#### Work order
Find the line with "Kasi Pembinaan Haji" and the line with "Półbuty Reebok, rozm. 29" in the entries below; output exactly those two lines, every line between them, and no others.

#### Dataset excerpts
----
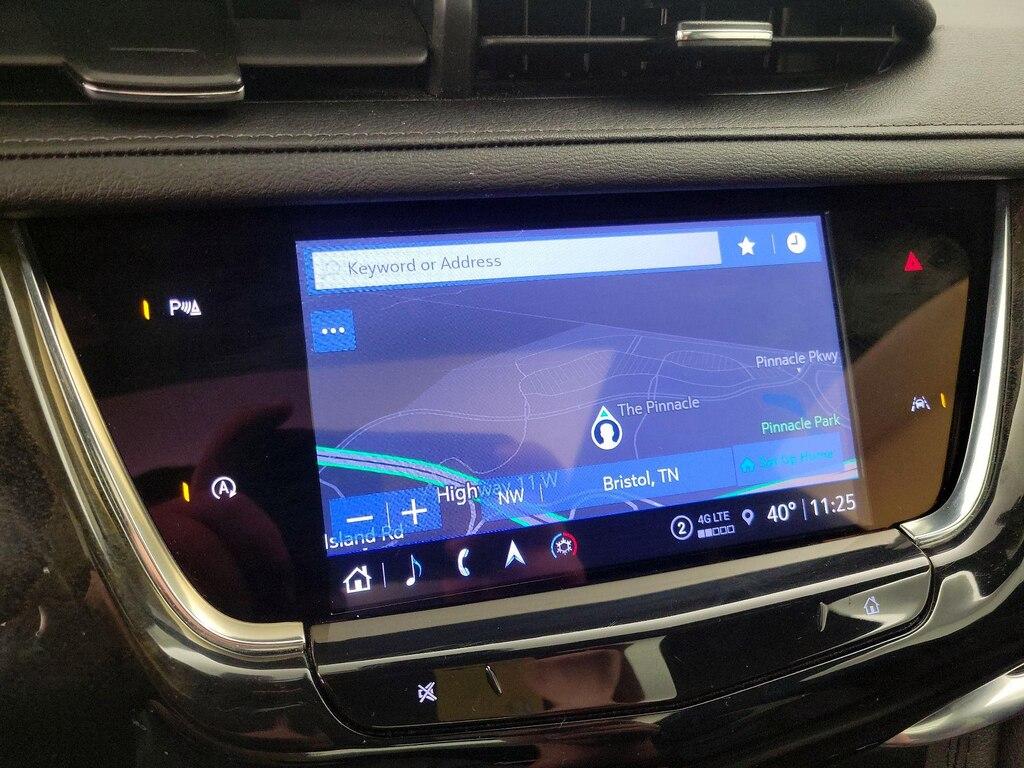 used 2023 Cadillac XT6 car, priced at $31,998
----
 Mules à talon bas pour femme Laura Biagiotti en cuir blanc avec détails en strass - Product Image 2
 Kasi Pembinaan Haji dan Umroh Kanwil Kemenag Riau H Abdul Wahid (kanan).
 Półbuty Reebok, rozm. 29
----
#### Reply to the exercise
 Kasi Pembinaan Haji dan Umroh Kanwil Kemenag Riau H Abdul Wahid (kanan).
 Półbuty Reebok, rozm. 29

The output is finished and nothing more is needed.